> _DATASET EXCERPTS_
+++

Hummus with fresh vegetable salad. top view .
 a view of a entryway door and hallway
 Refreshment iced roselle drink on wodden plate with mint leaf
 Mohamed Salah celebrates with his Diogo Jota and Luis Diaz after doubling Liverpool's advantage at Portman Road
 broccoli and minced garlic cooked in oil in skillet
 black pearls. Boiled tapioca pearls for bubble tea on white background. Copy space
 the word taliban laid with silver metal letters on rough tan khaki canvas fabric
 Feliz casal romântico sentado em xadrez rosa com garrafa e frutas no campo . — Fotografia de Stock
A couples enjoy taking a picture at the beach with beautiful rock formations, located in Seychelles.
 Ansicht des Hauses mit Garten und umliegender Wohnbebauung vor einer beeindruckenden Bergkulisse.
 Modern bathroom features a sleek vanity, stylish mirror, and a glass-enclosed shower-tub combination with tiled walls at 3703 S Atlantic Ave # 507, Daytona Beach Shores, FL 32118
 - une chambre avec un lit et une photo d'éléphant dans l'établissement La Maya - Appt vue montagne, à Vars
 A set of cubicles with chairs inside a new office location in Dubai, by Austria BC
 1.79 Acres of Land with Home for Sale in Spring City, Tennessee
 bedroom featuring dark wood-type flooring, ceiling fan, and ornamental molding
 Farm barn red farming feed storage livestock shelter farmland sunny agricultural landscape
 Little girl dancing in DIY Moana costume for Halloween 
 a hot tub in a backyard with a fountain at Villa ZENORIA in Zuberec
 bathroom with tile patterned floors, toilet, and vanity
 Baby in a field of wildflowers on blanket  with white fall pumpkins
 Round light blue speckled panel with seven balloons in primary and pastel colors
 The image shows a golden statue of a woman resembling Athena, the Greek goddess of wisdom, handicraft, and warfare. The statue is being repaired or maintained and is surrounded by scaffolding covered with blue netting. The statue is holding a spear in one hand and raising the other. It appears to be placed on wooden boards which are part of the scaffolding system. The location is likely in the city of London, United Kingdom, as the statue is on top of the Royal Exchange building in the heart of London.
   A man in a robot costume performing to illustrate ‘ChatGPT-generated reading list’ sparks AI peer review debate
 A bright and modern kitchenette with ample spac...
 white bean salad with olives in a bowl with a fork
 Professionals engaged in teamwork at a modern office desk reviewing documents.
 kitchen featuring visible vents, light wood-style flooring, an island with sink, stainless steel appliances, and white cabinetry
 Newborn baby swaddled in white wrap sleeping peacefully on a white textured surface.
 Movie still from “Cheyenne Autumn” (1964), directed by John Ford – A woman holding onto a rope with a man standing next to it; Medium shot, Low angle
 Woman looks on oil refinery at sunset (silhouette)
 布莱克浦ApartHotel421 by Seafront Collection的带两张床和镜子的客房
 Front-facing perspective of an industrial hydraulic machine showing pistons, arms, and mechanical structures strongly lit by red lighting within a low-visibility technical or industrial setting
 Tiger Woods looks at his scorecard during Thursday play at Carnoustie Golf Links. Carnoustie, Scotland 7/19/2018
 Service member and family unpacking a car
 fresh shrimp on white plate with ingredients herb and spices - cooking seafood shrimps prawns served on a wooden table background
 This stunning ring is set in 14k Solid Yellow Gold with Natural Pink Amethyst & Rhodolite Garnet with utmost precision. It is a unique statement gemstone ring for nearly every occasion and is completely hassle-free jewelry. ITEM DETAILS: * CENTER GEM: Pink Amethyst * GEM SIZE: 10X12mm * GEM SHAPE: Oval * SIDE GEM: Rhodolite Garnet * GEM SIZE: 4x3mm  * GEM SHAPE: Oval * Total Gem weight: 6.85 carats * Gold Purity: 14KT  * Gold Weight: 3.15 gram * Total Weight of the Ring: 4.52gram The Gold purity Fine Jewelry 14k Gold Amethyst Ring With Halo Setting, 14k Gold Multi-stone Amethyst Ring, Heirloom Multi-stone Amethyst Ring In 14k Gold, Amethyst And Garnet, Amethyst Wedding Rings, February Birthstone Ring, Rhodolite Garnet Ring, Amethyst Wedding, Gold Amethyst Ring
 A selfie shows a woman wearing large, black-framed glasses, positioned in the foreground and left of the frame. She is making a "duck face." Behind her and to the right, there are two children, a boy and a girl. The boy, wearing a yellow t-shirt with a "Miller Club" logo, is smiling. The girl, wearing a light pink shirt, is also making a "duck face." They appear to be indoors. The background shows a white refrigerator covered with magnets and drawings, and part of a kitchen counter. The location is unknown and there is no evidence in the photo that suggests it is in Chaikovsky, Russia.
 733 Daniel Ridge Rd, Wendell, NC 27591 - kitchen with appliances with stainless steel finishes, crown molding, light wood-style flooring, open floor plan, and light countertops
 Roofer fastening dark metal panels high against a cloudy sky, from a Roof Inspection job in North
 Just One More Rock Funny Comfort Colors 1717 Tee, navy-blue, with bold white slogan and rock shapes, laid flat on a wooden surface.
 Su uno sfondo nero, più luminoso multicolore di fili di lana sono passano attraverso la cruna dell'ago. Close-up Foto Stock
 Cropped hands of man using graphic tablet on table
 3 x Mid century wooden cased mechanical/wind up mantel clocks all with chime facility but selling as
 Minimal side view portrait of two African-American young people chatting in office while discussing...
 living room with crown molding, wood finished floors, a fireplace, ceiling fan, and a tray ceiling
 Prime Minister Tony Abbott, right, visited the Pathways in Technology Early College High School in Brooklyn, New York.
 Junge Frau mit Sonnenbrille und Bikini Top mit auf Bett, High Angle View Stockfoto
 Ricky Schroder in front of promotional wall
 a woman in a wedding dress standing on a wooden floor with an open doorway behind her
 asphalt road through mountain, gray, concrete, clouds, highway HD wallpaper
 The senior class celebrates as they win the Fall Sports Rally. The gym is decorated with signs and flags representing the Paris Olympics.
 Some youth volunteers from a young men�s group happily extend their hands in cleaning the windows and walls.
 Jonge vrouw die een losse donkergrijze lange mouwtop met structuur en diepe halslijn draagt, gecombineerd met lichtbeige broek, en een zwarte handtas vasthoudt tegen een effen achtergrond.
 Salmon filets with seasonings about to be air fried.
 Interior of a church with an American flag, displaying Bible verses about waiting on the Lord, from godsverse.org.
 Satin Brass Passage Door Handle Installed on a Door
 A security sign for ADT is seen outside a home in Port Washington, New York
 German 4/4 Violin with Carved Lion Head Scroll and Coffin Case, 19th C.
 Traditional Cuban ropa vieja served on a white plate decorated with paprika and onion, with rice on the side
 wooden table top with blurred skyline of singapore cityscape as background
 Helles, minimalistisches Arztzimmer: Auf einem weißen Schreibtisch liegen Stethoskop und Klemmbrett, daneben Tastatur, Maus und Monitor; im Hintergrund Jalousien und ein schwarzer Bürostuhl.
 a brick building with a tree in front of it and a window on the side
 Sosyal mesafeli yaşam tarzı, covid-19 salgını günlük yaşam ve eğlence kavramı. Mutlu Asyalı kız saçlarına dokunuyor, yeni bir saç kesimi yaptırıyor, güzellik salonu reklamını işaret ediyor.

+++

> _TRY IT_
Wherever the string "costume" appears in a line of the records above, copy that line.

> _COMPLETED TASK_
 Little girl dancing in DIY Moana costume for Halloween 
   A man in a robot costume performing to illustrate ‘ChatGPT-generated reading list’ sparks AI peer review debate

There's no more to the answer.